▶ Problem:
Word for word, retype the lines from the one containing "Wirehaired Pointing Griffon" to the one containing "tattoo design idea" below, keeping both end lines and dropping the pictures.

▶ Task data:
┄┄┄┄┄┄┄┄┄┄

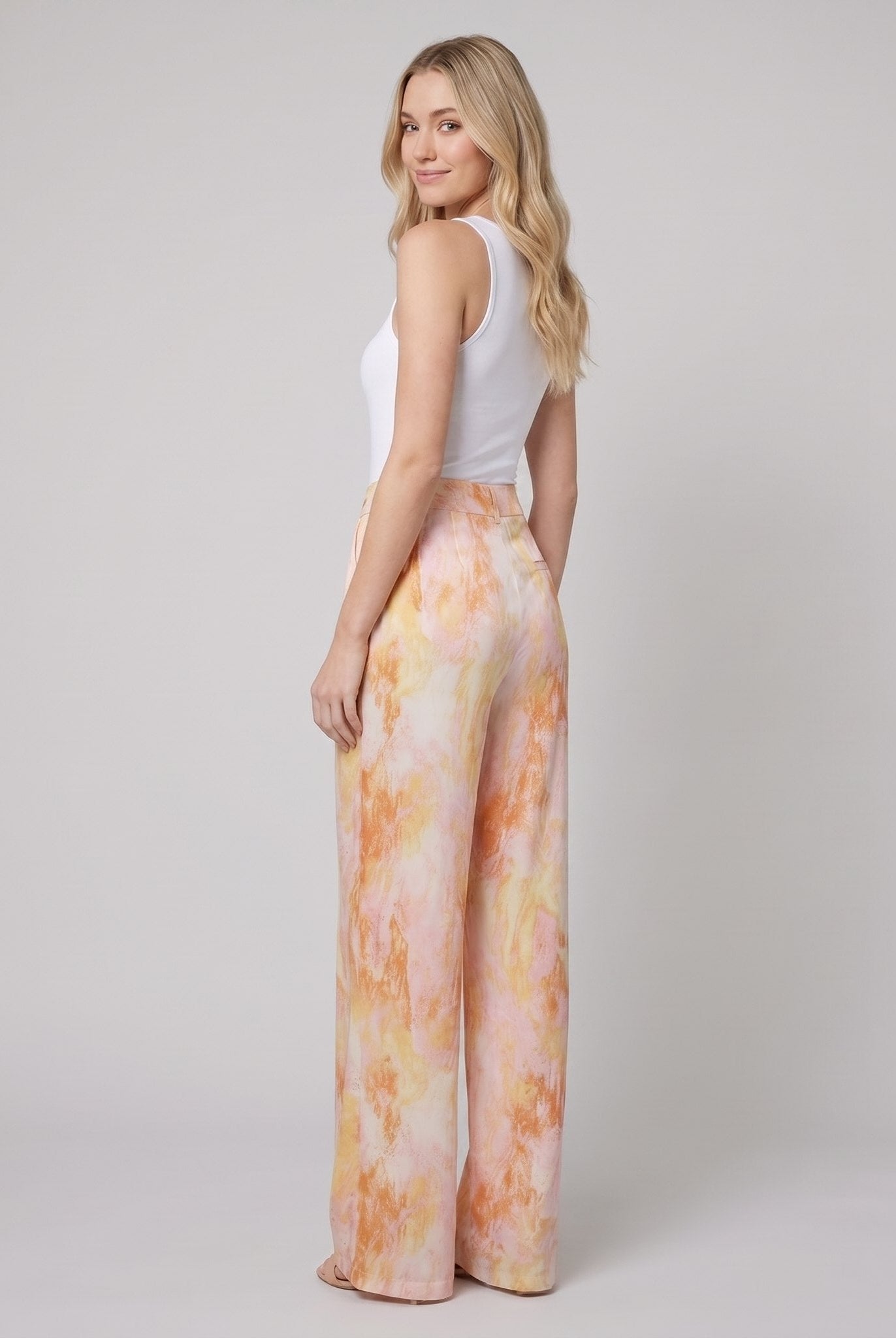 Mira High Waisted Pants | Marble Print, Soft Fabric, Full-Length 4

┄┄┄┄┄┄┄┄┄┄

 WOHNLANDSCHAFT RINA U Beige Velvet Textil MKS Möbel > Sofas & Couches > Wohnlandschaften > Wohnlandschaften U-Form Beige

┄┄┄┄┄┄┄┄┄┄

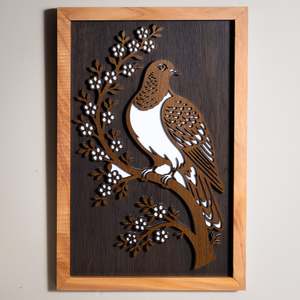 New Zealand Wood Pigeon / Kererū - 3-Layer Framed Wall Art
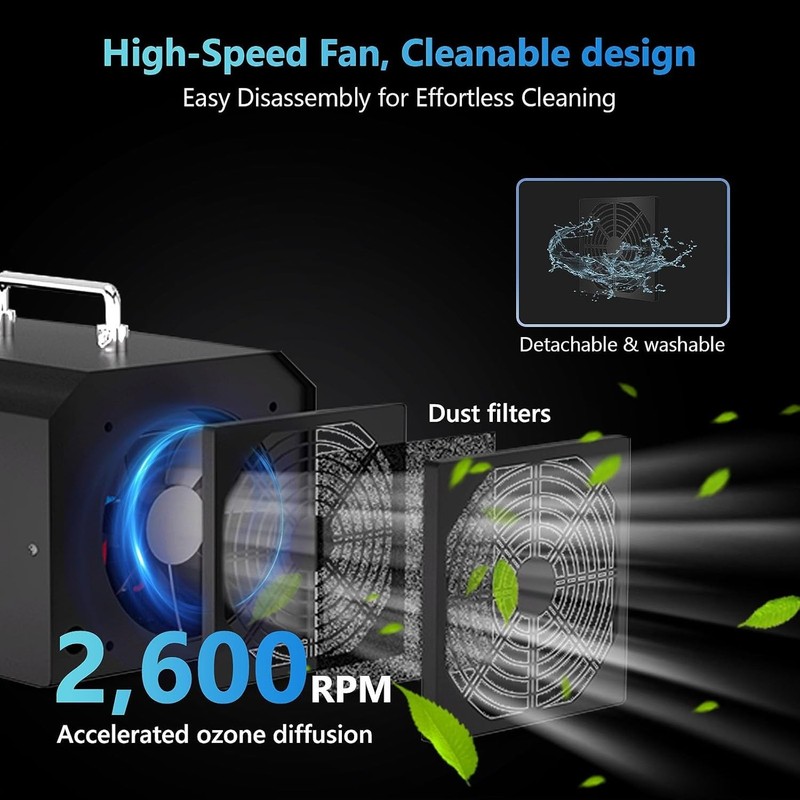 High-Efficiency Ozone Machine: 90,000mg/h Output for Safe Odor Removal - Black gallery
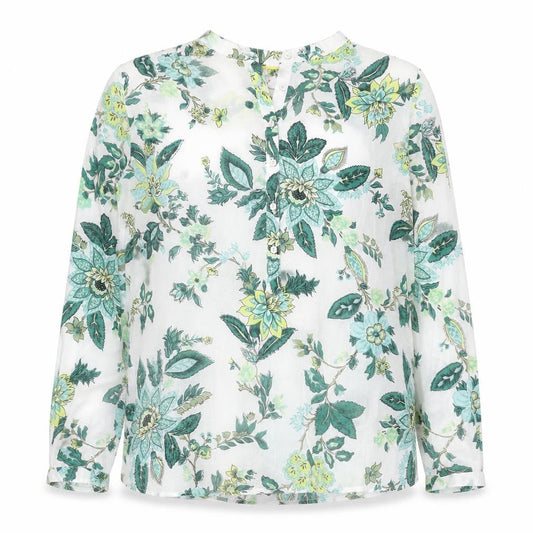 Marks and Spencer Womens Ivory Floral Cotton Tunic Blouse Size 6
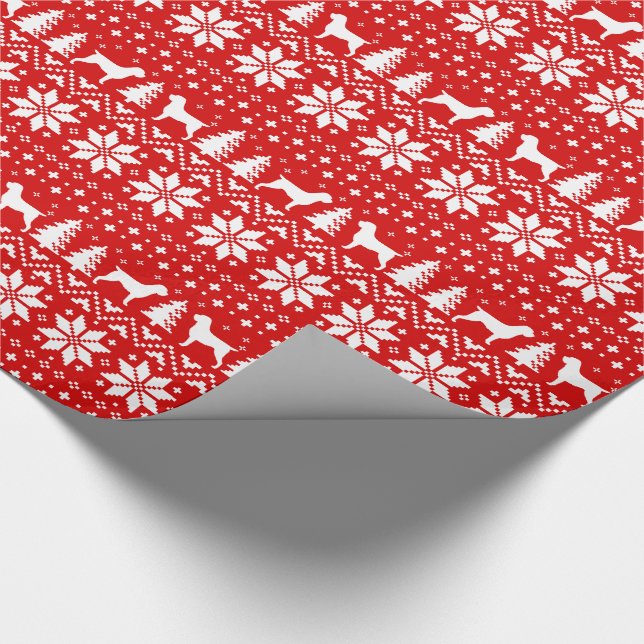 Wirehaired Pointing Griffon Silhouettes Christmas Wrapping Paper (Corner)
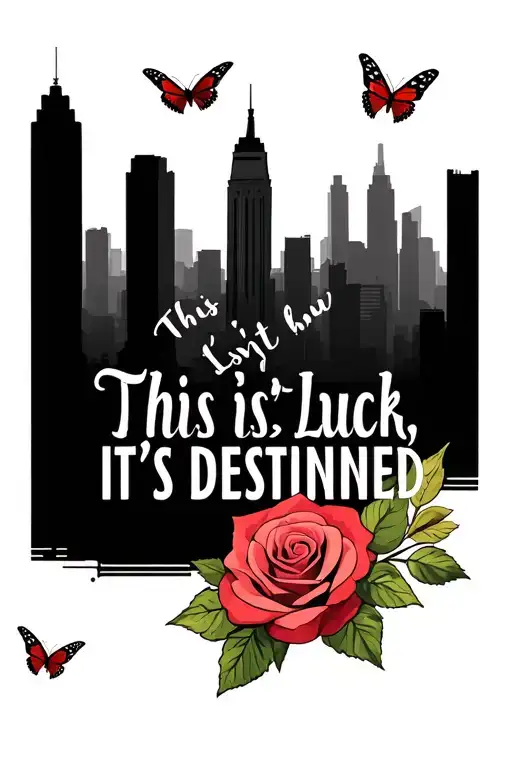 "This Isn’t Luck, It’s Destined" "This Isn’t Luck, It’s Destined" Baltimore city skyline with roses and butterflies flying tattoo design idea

┄┄┄┄┄┄┄┄┄┄

▶ Your solution:
 Wirehaired Pointing Griffon Silhouettes Christmas Wrapping Paper (Corner)
 "This Isn’t Luck, It’s Destined" "This Isn’t Luck, It’s Destined" Baltimore city skyline with roses and butterflies flying tattoo design idea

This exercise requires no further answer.